◆ **TRY IT**
Retype the data exactly, from its first line to the line containing "In this video, I", including both, and skip any picture.

◆ **PROVIDED DATA**
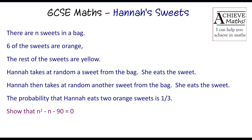Hi everyone, welcome to my video on a question about some sweets and a certain girl called Hannah. You might have heard this question because it's been all over the news, the radio and the internet in the last couple of days. So I wanted to show you how to do it.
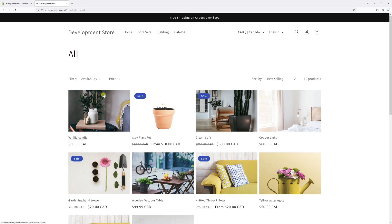In this video, I will show you the settings where you can change the text alignment on collection pages in Shopify's Dawn theme.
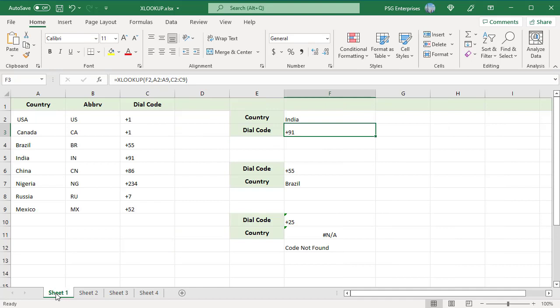In earlier versions of Excel, index and match formula was the only reliable way to look to the left or above. In XLOOKUP, the sequence of columns or rows doesn't matter any longer. So the search column doesn't have to be the leftmost column in the table. Specify the lookup array and XLOOKUP will handle it without a problem regardless of its location.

◆ **OUTPUT OF THE EXERCISE**
Hi everyone, welcome to my video on a question about some sweets and a certain girl called Hannah. You might have heard this question because it's been all over the news, the radio and the internet in the last couple of days. So I wanted to show you how to do it.
In this video, I will show you the settings where you can change the text alignment on collection pages in Shopify's Dawn theme.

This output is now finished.